I have a table with a string column. This column includes lots of text but for some unknown reason, I find some nul characters such as '\0sult'. I would like to clean my column and remove this nul character but I don't know how to do this.

If I try :

grepl(pattern = "\0", x = "blabla \0sults")

I've got

Error in parse(text = x, srcfile = src): nul character not allowed (line 1)

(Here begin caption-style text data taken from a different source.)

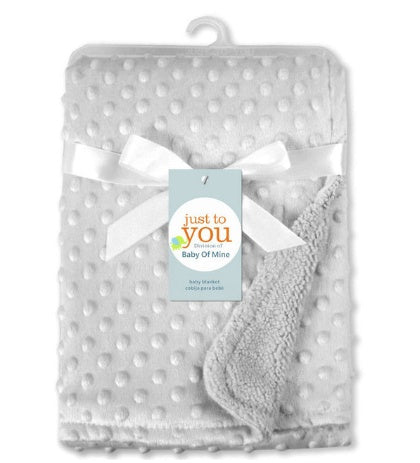 Polar Dot Baby Blanket Blanket Newborn Baby Swaddle Wrap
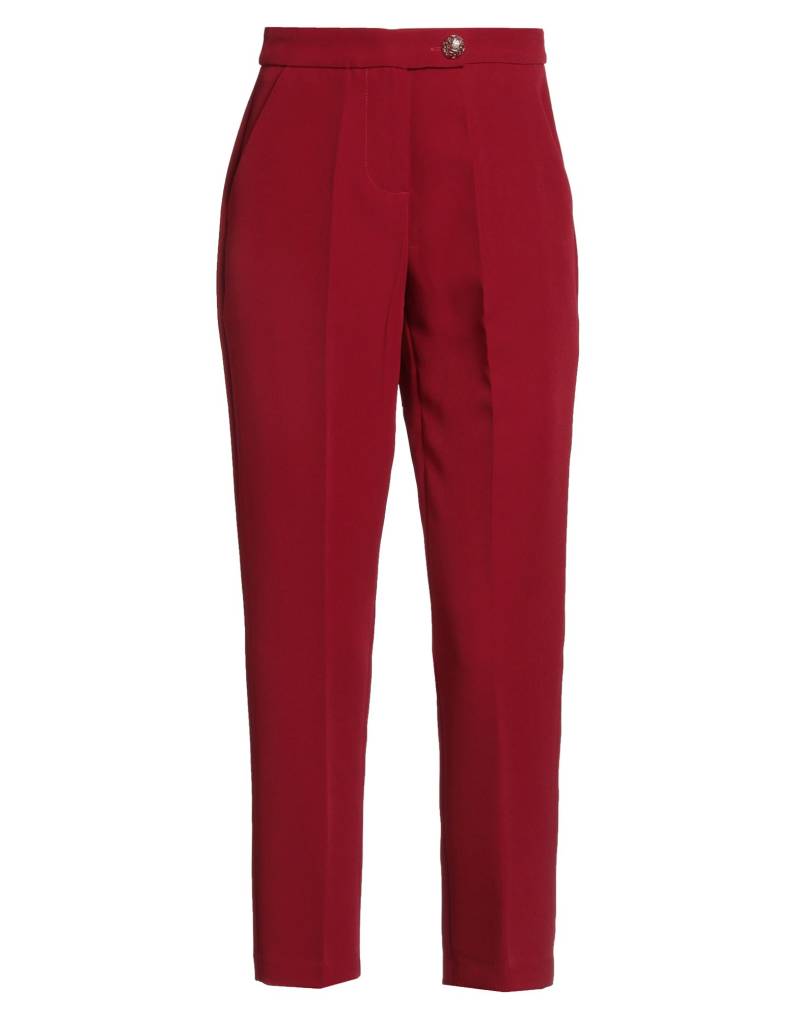 YES ZEE by ESSENZA Hose Damen Rot von YES ZEE by ESSENZA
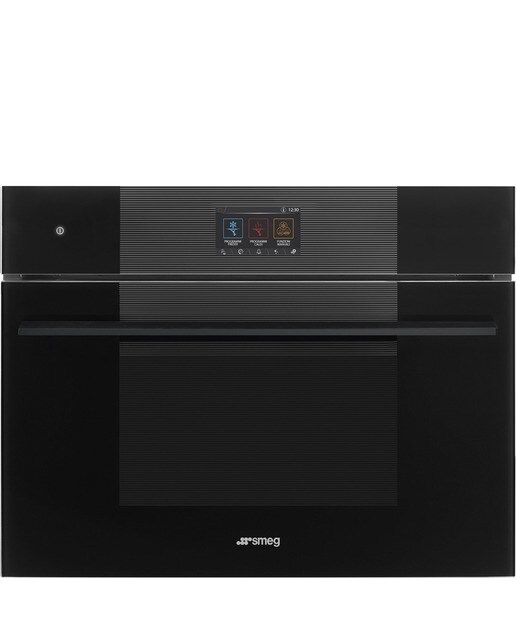 Abatedor de Temperatura Smeg Linea SBC4104B3 de 31 Litros - Preto Preto-1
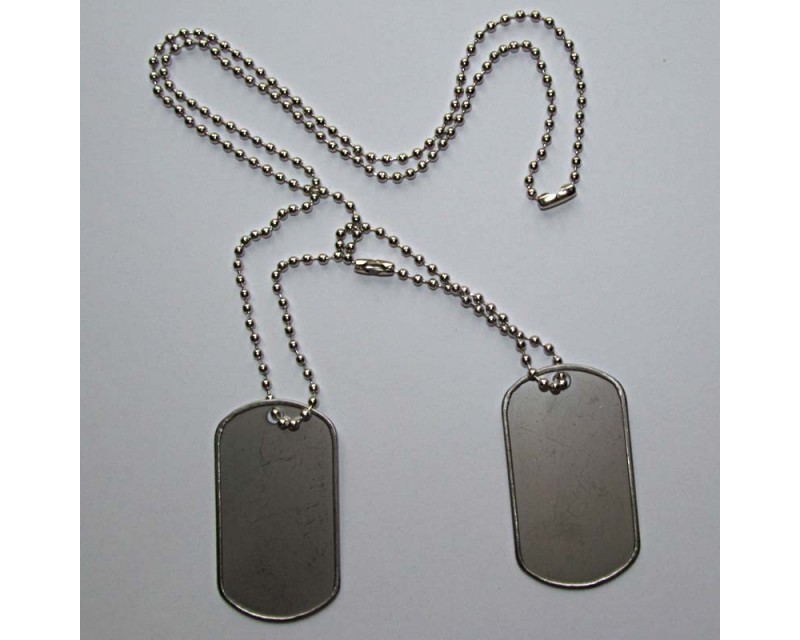 MIL-TEC Známky U.S. DOG TAG bez gum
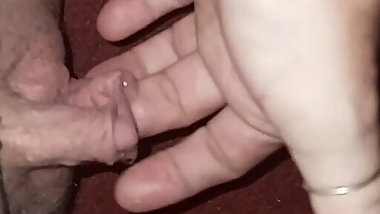 Huge clit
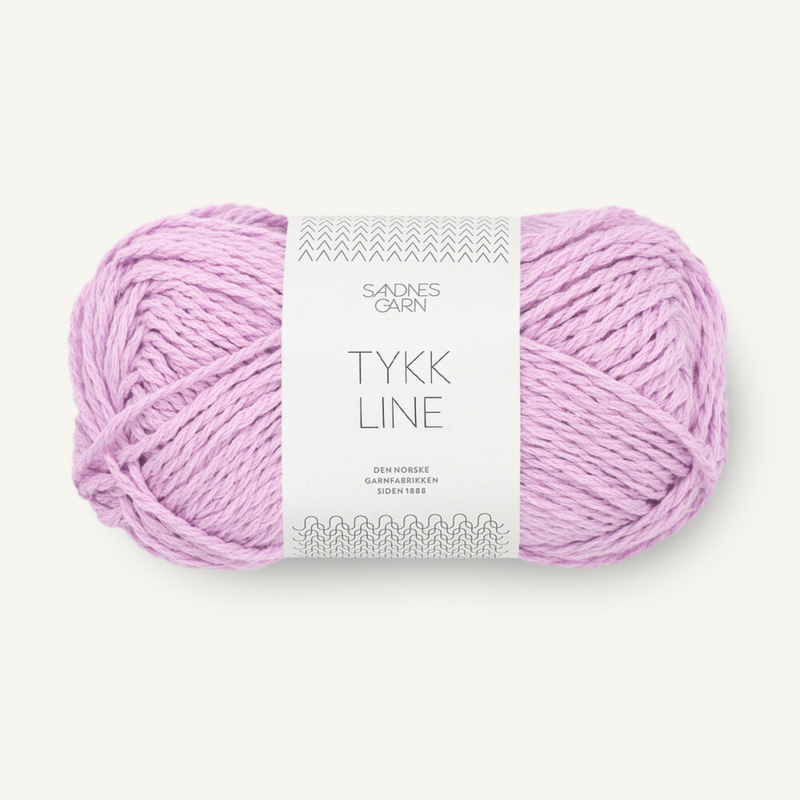 Sandnes Tykk Line 5023 Lilac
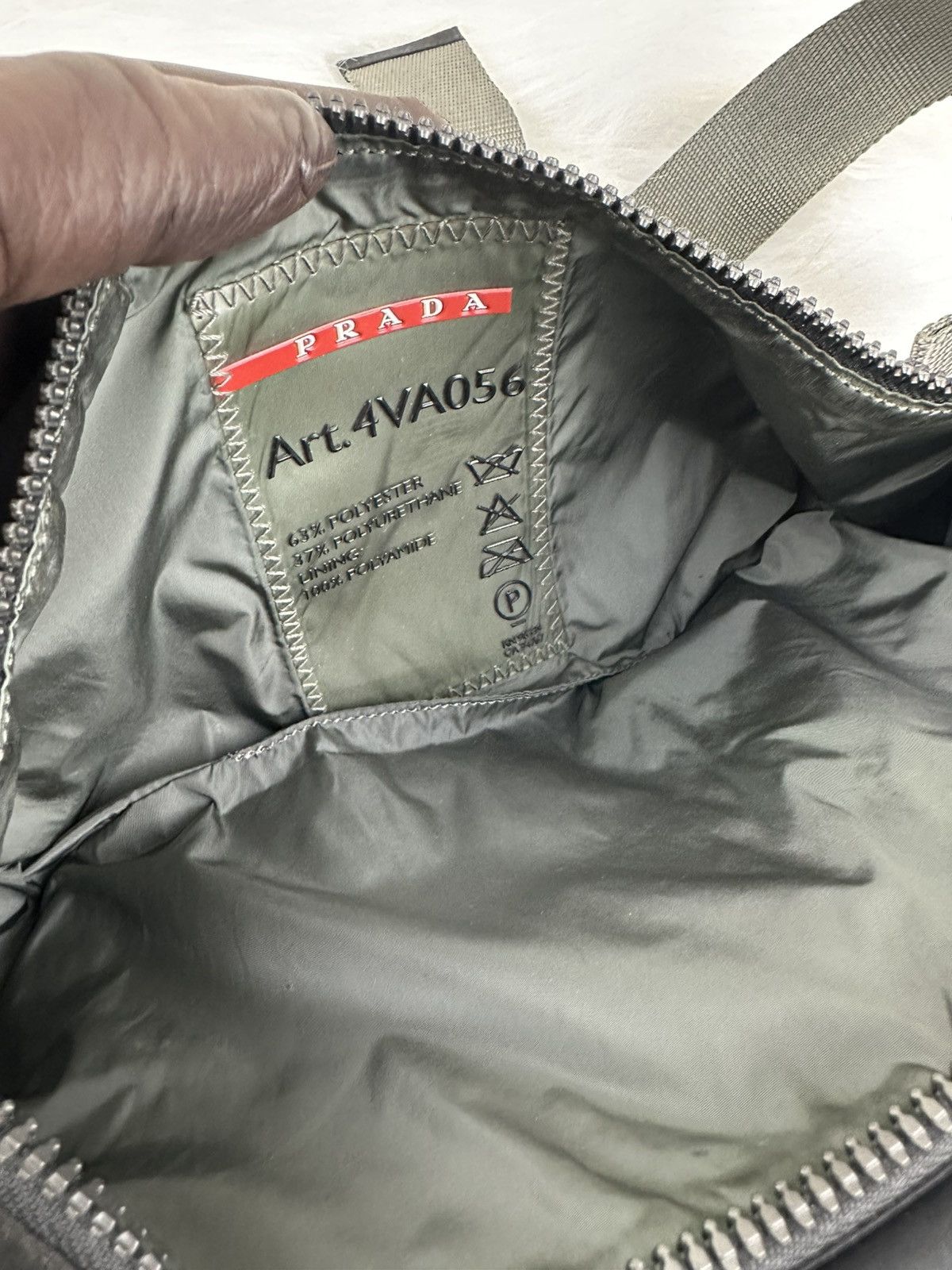Prada Prada Sport Nylon Pouch Bum Bag Size ONE SIZE - 16 Thumbnail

How could I detect and remove those nul characters ?

PAC
  • 5,178
  • 8
  • 38
  • 62
  • As far as i know nulls not allowed in string. What if you tip "blabla \0ults" in console? – Ric Feb 24 '23 at 21:58
  • (*type) . See for example what happens with `rawToChar(as.raw(c(97,98,99)))` and `rawToChar(as.raw(c(97, 0,99)))` – Ric Feb 24 '23 at 22:05
  • If using `read.table` or `readLines` add the argument `skipNul=TRUE` – G. Grothendieck Feb 24 '23 at 22:06
  • @ric-villalba I've got the same error : "nul character not allowed" – PAC Feb 24 '23 at 22:13
  • 2
    If you have the table in R, you need to share some of the data using `dput`. Otherwise we are not in a position to help since we can not reproduce your table – Onyambu Feb 24 '23 at 22:21
  • 1
    Note that `"blabla \0sults"` is not a valid R string. So you need to provide us with the data in R. ie check where the null is. probably row 4, column 5, then do `dput(df[4,5])` and copy paste that – Onyambu Feb 24 '23 at 22:23
  • How did you import the data exacty? It shouldn't be possible to have an embedded nul in a string. Perhaps it's an encoding issue? Hard to help without some kind of [reproducible example](https://stackoverflow.com/questions/5963269/how-to-make-a-great-r-reproducible-example) to test with – MrFlick Feb 24 '23 at 22:30
  • @g-grothendieck : Thanks for the tricks but it doesn't work on my data. – PAC Feb 26 '23 at 21:11

1 Answers1

1

I suspect (for whatever reason) your table doesn't actually have the nul character, rather strictly speaking the strings have the characters "\" and "0". In order to match this, you have to double escape it.

For example, if I have the file "data.csv"

key,value
key1,blue
key2,\0sults
key3,blabla \0sults
key4,brown

Then you would match the pairs of characters like this:

myData <- read.csv("data.csv")
grepl(pattern = "\\\\0", myData$value)
#> [1] FALSE  TRUE  TRUE FALSE
Marcus
  • 3,478
  • 1
  • 7
  • 16